# My 14 Ft aluminum utility restoration



## jeross (Jun 6, 2009)

*Re: My 14 Ft aluminum utility restoration project*

Sorry, only two of the images showed up. I'll cut and paste the other two here:

The most fun was removing the carpet glue from the hull. Some came up fairly easily. But most did not. I tried many methods, but in the end it was good old elbow grease and a glazing knife that did the trick. These pics were taken about midway in the process. I have since removed all trace of the glue.
  










The transom was undermined by rot. Had any bigger motor than the Force been hung on it it would have probably deformed the aluminum back there. The bow cap and stern caps were removed and stripped of their pitted cleats and the holes patched with JB Weld.










I'm quite a bit further along with the project, but need to get some new pics and upload them. While not the ideal microskiff, this boat will fit my present needs and is turning out well. I wanted to share since I get so much enjoyment out of the other posts in the Bragging Spot. More to come.


----------



## rkmurphy (Nov 2, 2008)

*Re: My 14 Ft aluminum utility restoration project*

Can't wait to see more, although the pics in your second post didn't work.

Welcome and nice rig!


----------



## jeross (Jun 6, 2009)

*Re: My 14 Ft aluminum utility restoration project*

Okay, I moved the pics to Photobucket. They seem to work now. 

The holes in the bench seats were filled with putty (to seal the bottom edge) and then topped off with JB Weld and sanded smooth. The interior was wet-sanded and given two coats of Interlux Seattle Grey using the roll and tip method. No skid additive was used on the traffic areas.










A new transom was laminated using two pieces of 3/4 inch marine plywood bonded and sealed with West System epoxy. This was sanded after curing and coated with a UV resistant polyurethane. All through bolts were sealed with 4200. After looking around at some nice used motors I bit the bullet and bought a brand-new Merc 20hp electric start and through-bolted that as well.










With an open design like this there is no great place for electrical, so I used the transom. I ran nav light and battery wires back from the bow inside the rubrails and terminated them at a Blue Sea distribution block. My first water tests shows that the distribution block can get wetter than I'd like, so changes will be made there. An LED 360 light was mounted which swivels down and out of the way. It may not be 100% kosher, but I wanted a clean, easy to stow solution.

I fabricated a small aluminum deck and bulkhead for the bow area to replace the rotted wooden one.
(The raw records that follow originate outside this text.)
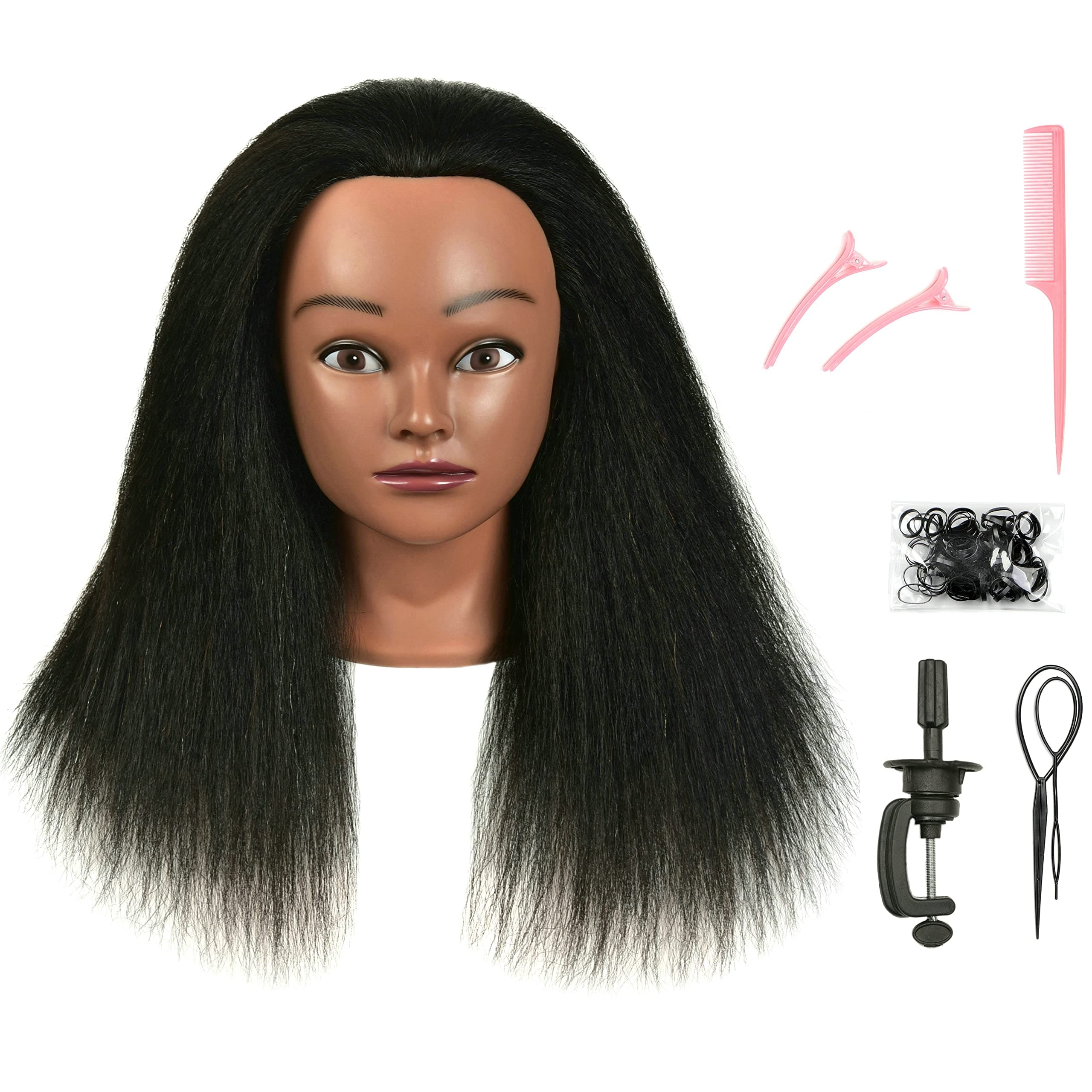 FUTAI (Make-up) - Natural Real Afro 100% Human Hair Mannequin Head Hairdresser Hairstylist Training Practise Female Professional Styling Braiding Styling Curling Coiling Display Cosmetology with Stand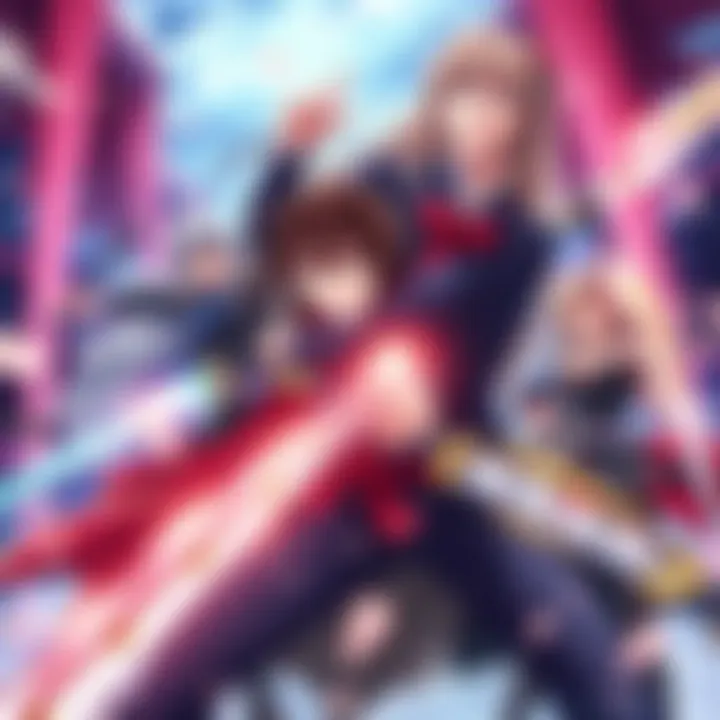 Characters from Shuumatsu no Valkyrie in a dynamic battle pose, showcasing their fierce expressions and weapons during an intense moment in the story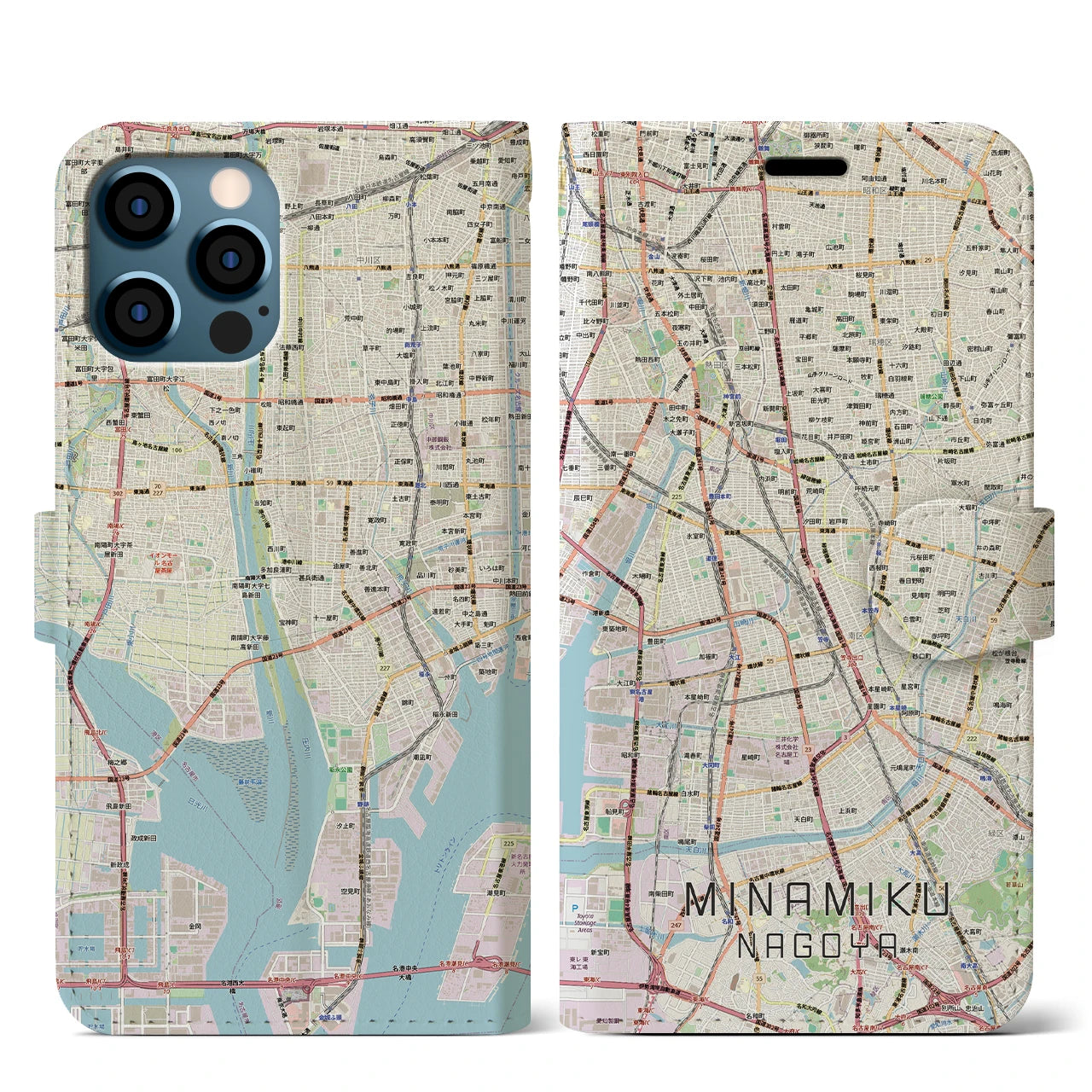 【南区(名古屋市)】地図柄iPhoneケース(手帳タイプ)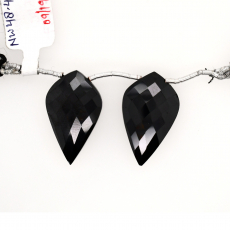 Black Spinel Drops Leaf Shape 29x17mm Drilled Bead Matching Pair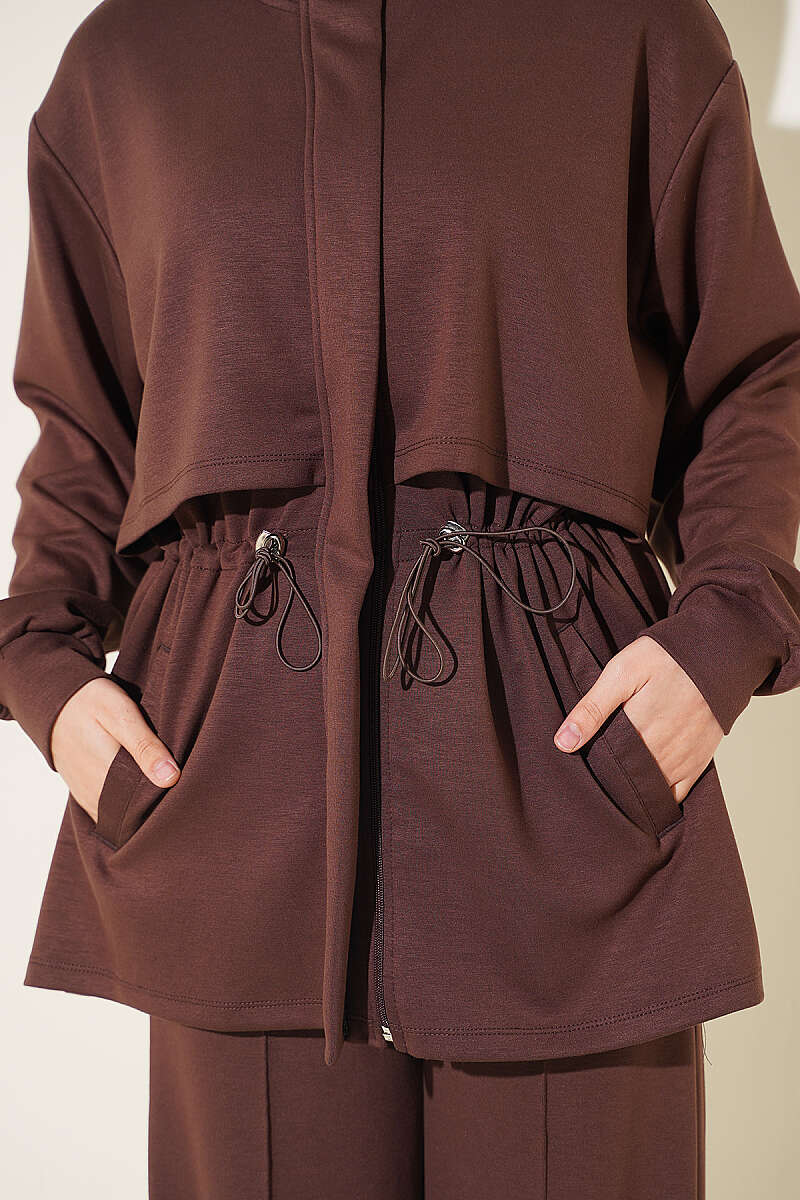 Zip-up Waistband Ribbed Turtleneck Two-Piece Set Brown – Bild 4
I routed the battery wiring beneath it and riveted it down. A battery tie-down frame was mounted in a battery box and through-bolted onto the deck.










The bow cap had at least a half-dozen holes from the previous owner's adventures. They were filled with JB Weld and sanded smooth so they hardly even show. I mounted an LED combo light and a new cleat.


----------



## jeross (Jun 6, 2009)

Here are a few more pics to update my progress.
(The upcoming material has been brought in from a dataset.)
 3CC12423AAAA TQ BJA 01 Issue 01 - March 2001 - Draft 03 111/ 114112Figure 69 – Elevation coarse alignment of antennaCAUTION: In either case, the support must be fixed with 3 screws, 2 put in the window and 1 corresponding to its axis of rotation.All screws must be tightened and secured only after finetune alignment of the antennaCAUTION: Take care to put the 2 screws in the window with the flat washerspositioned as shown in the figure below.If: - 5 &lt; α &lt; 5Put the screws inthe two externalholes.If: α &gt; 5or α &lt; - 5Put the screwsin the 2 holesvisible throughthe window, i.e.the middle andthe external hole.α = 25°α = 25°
My battery box with an Odyssey 32M-PC1500 dual use battery. There's also a Blue Sea terminal-mount fuse.










My homemade light switch made from salvage components from SkyCraft in Winter Park (simple push-button switches with waterproof boots).
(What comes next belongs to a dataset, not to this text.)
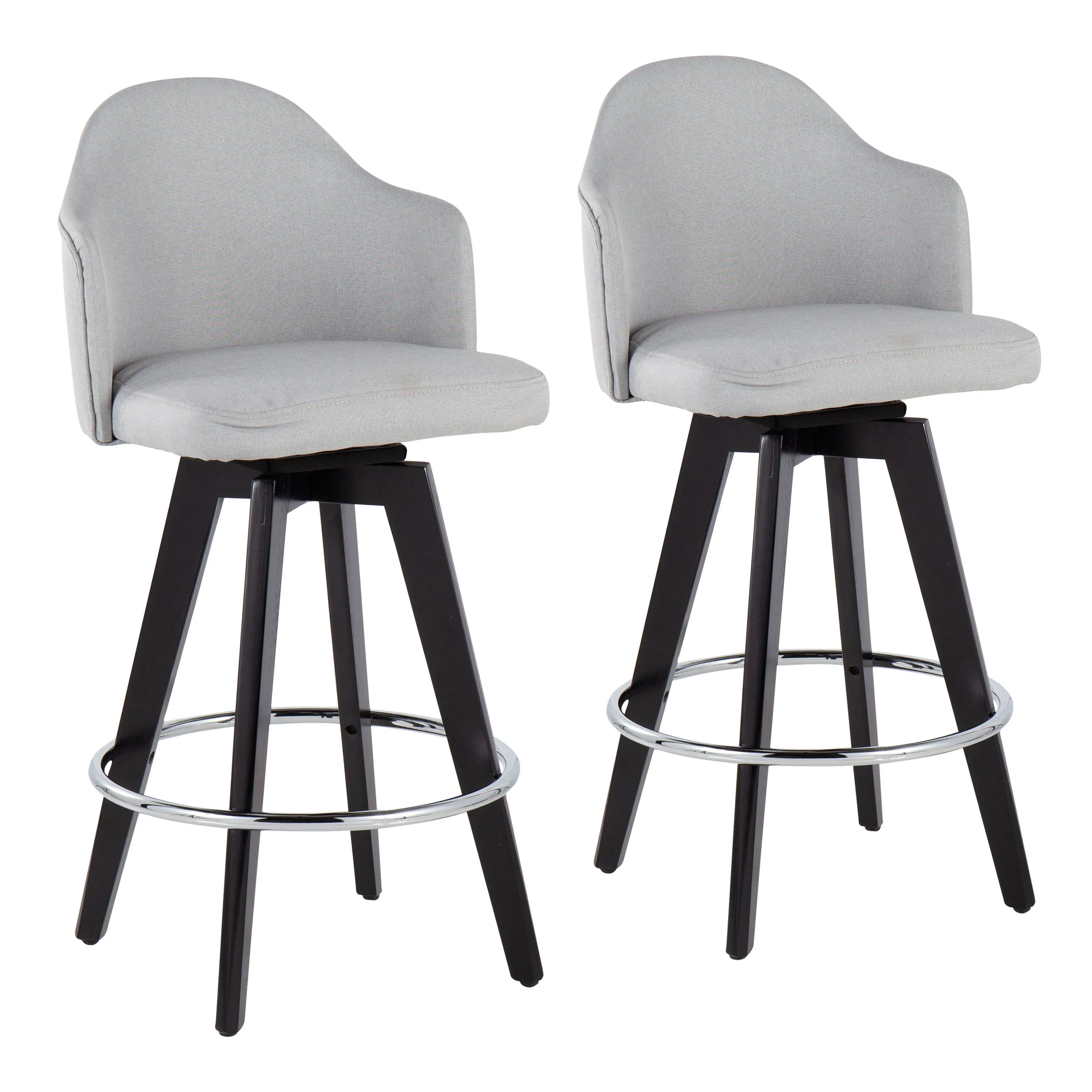 Ahoy - Contemporary Fixed Height Counter Stool With Round Footrest (Set of 2) by Couch.com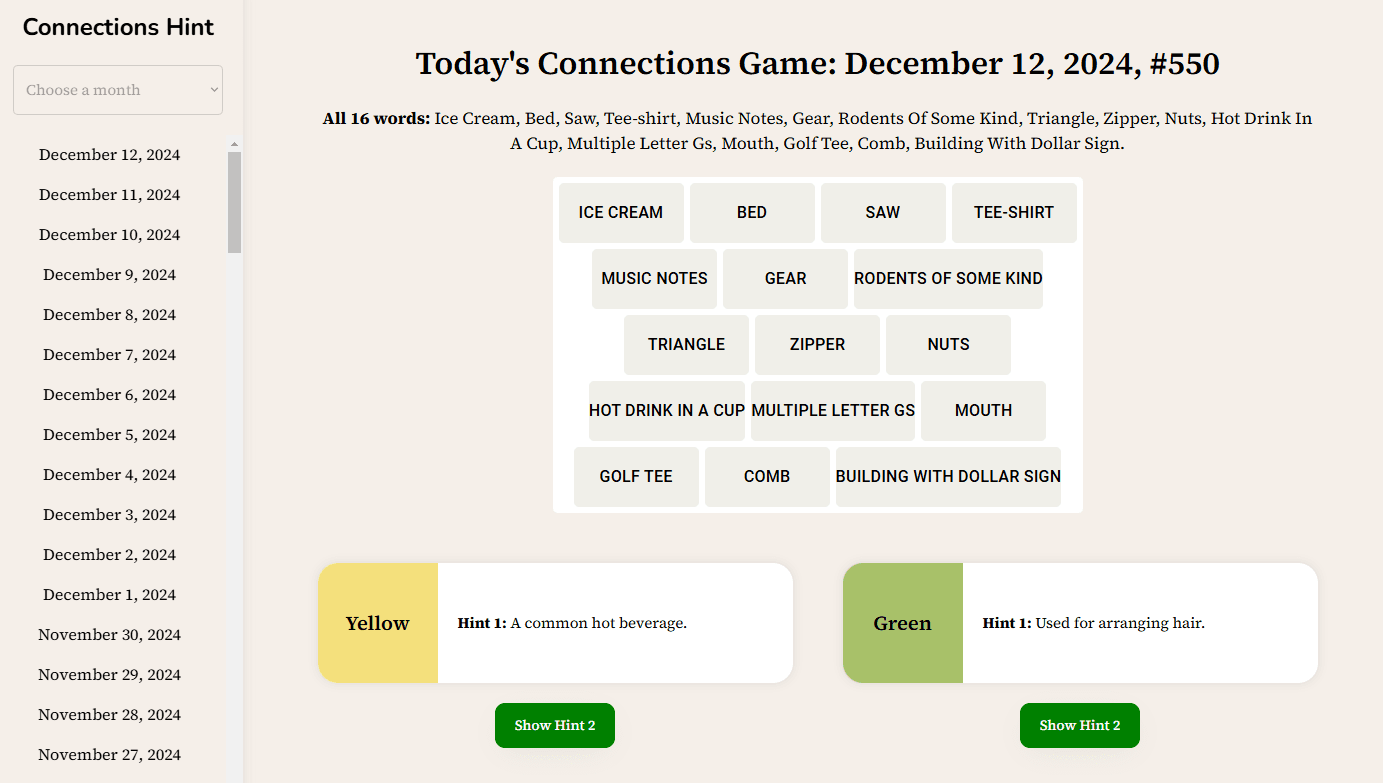 Connections Hint screenshot 1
I have had to stuff some poly batting and old three-strand cotton rope into the rubrails to deaden the rattle from my electrical wiring. It solved the issue to about 90% satisfaction.


----------



## jeross (Jun 6, 2009)

The exterior paint came out well (considering). The paint scheme was not of my choosing, but as I didn't want to completely strip everything, I sanded it down to accept new brightside paint and used Interlux - Flag Blue and Ocean Blue. The red stripe looks crooked in the photo, but isn't (there's a subtle dent that creates that illusion).










Since the boat is 23 years old and the company who built it is defunct, I had to hand-paint around the logo since no replacement is available. This (trust me) was a pain in the butt. The photo isn't the best, but it came out decent. It passes the "three foot test".










Here is the final result.


----------



## jeross (Jun 6, 2009)

I wanted all of my fishing-specific gear to be removable. Although I use the boat for fishing 90% of the time, I still want the option of going out in a clean, uncluttered boat on occasion, so I have set things up to go in and out with a minimum of work.

The fishfinder was mounted on a thick and heavy block of delrin, notched to fit snugly inside a brace. The delrin slab has an adhesive rubber backing to prevent scratches.










The wiring was run inside a length of split-loom. I placed some gigantic zip-ties at intervals to fit inside the structural ribs on the deck of the hull. These slide in and out as needed and hold the wiring in place nicely.










I added rod-holders using the same principle. They had advesive rubber backing added and they affix to the seat braces with ball bungees.










I also wanted to deaden any sounds from the aluminum hull where possible so I added a series of floor mats. They also help keep gear dry in wet situations.


----------



## jeross (Jun 6, 2009)

Power is from a new Merc four-stroke 20HP short shaft with electric start and a stock propeller. The hull is 225lbs and the motor weighs 115lbs. My handheld GPS clocks the rig at 25.7mph lightly loaded with one person (230lbs) and 23mph loaded for fishing with two persons (230lbs each).










Not much left to do now with the exception of a water-separating fuel filter. For now, I gas up at a minimum and use it within a week or 10 days.

Here it is ready for rods and gear. I fish it twice a week. I can leave work, get home to hitch up and splash it in the lake within 30 minutes. I mostly fly fish for bass or use spinning gear for bass at present.










I used some chrome metal rod stock from Skycraft to make supports for the trailer-able cover. I used rod-holder brackets already on the rub rail and thumbscrews to attach them. They go on and come off like a breeze.










Here she is with the cover on and ready to roll down the road.










Here I am splashing it in the St. Johns at SR 44 for a trip to Norris Dead River. As you can see, my tow vehicle couldn't handle much more than this rig.










Well, that's about it. I do plan to investigate treating the hull with Sharkskin so I can feel better about venturing into saltwater. When I tackle that I may update to show the process.


----------



## Alonzo_Sotillo (Oct 9, 2009)

very nice job.. And congrats on your new sled!


----------



## paint it black (Nov 3, 2007)

Looks great!

You could have had new logo decals made for the hull sides ya know.


----------



## Flyline (Mar 3, 2008)

looks really nice! love the black merc  I fished out of St. Johns River alot from Hontoon landing marina to Silver Glen Springs.


----------



## deerfly (Mar 10, 2007)

excellent job   

I really like the removable/clean approach too. I try to do the same thing when ever possible with my own boats. Take it when you need it or leave it home. Lots less stuff to clean and maintain after every trip too.


----------



## mro (Jan 24, 2018)

Would have liked to see the pics posted on this thread.
Photobucket sure screwed a lot of people (me included)


----------